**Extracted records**
BEGIN
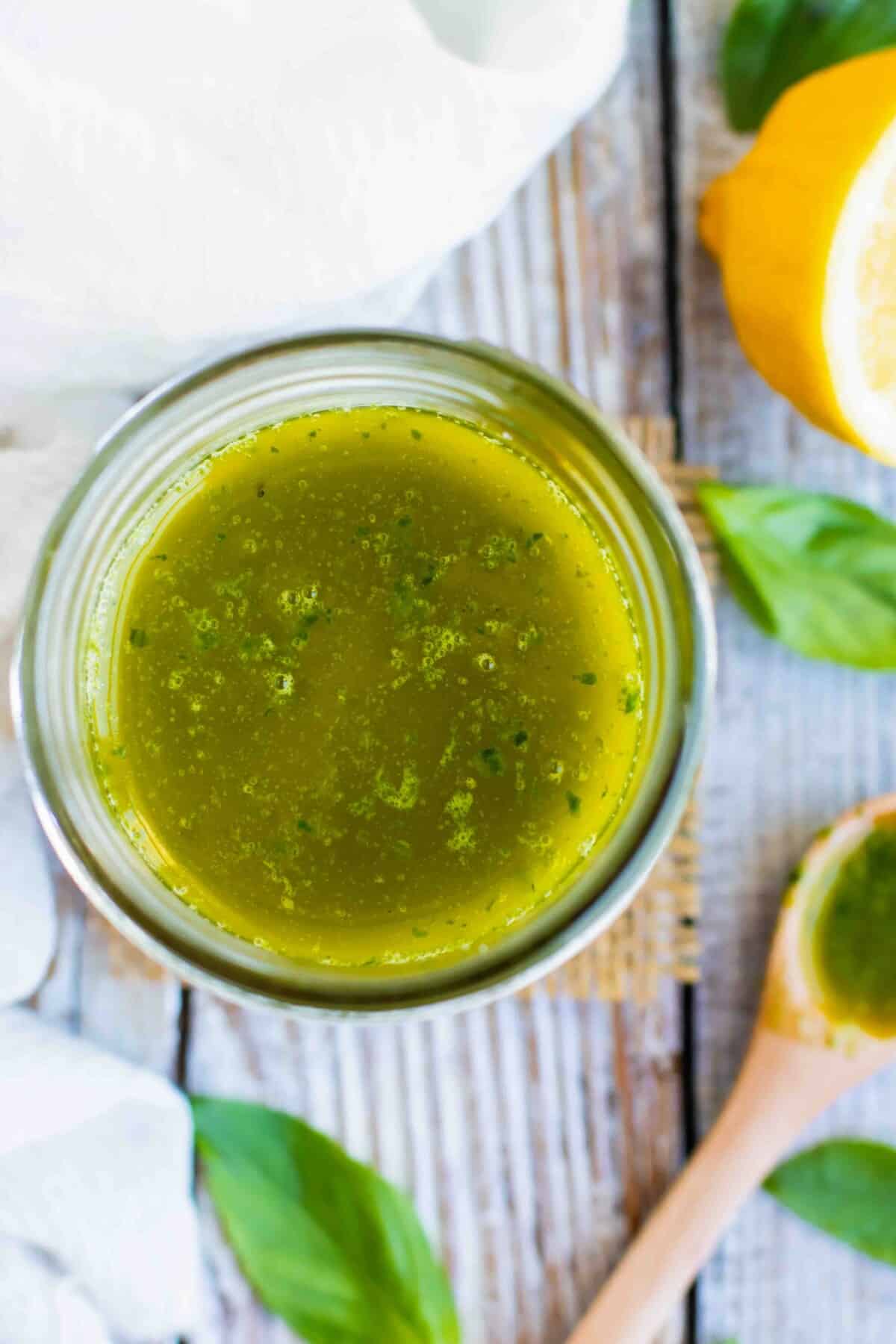 Easy vinaigrette dressing with basil and lemon in a glass jar.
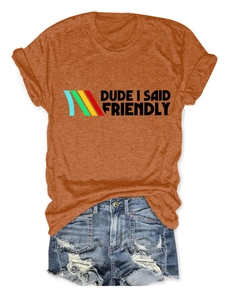 Flat lay of caramel T-shirt with 'Dude I Said Friendly' text and ripped denim shorts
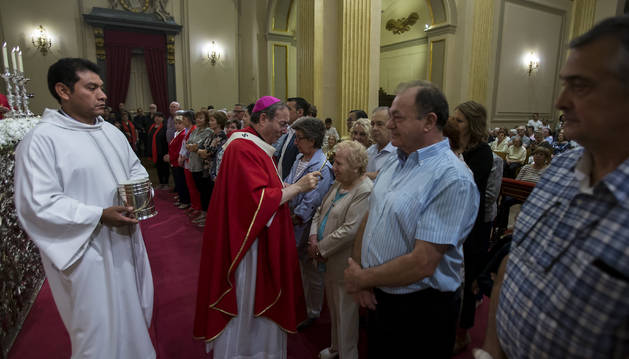 El arzobispo Francisco Pérez posa ayer el hisopo con agua bendita en la frente de una nueva cofrade de la Corte de San Fermín.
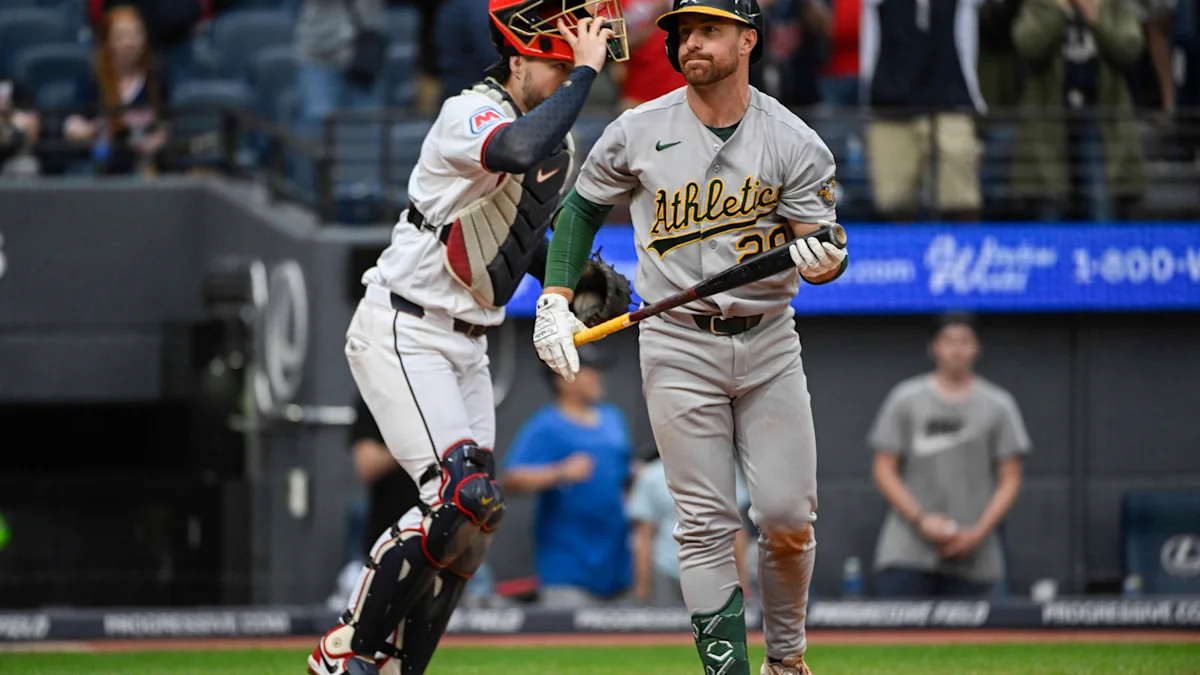 An Athletics batter walks past a catcher holding his mask in a baseball stadium.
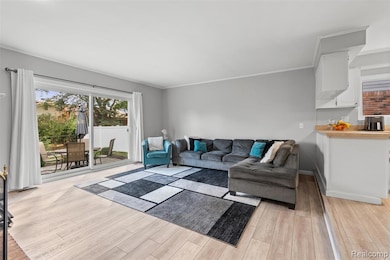 Living room featuring light wood-style flooring and ornamental molding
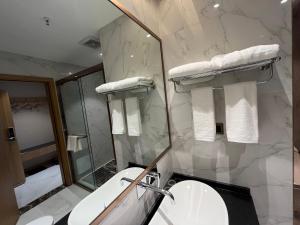 张家界Zhangjiajie lollipop Hotel的浴室配有卫生间、盥洗盆和淋浴。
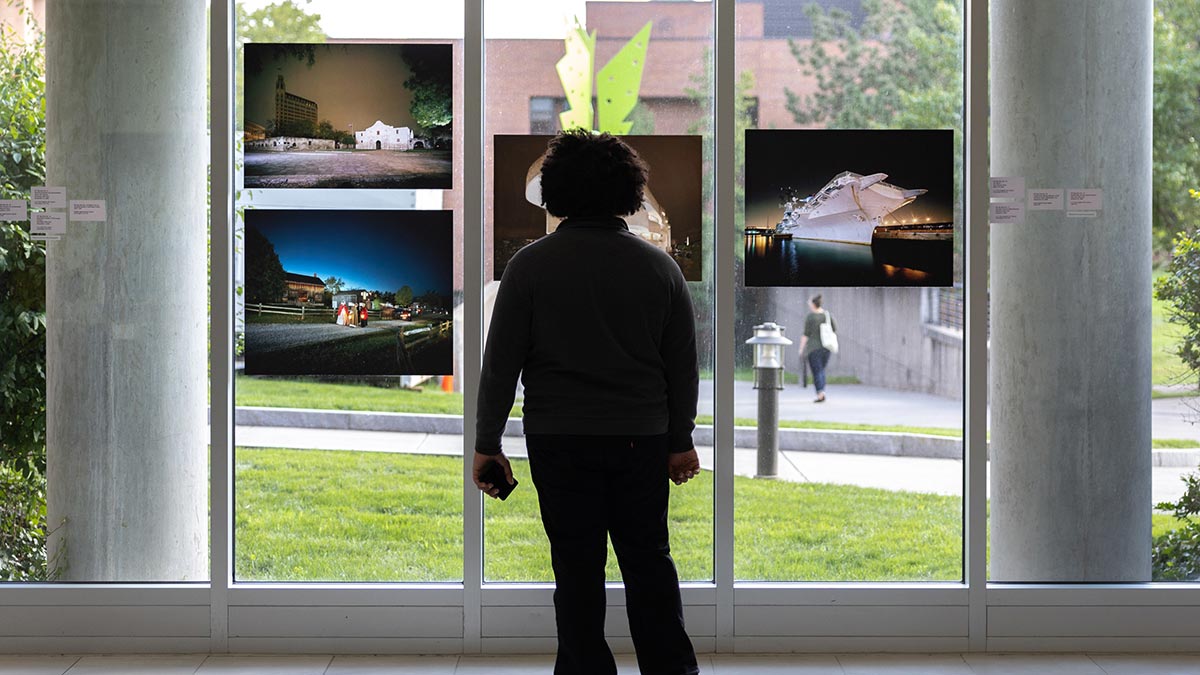 a student looking at artwork hanging from tall windows.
END
**ACTIVITY**
Exactly as written, repeat the lines from the beginning of the entries up to and including the line with "Flat lay of", but not the pictures.

**WORKED SOLUTION**
 Easy vinaigrette dressing with basil and lemon in a glass jar.
 Flat lay of caramel T-shirt with 'Dude I Said Friendly' text and ripped denim shorts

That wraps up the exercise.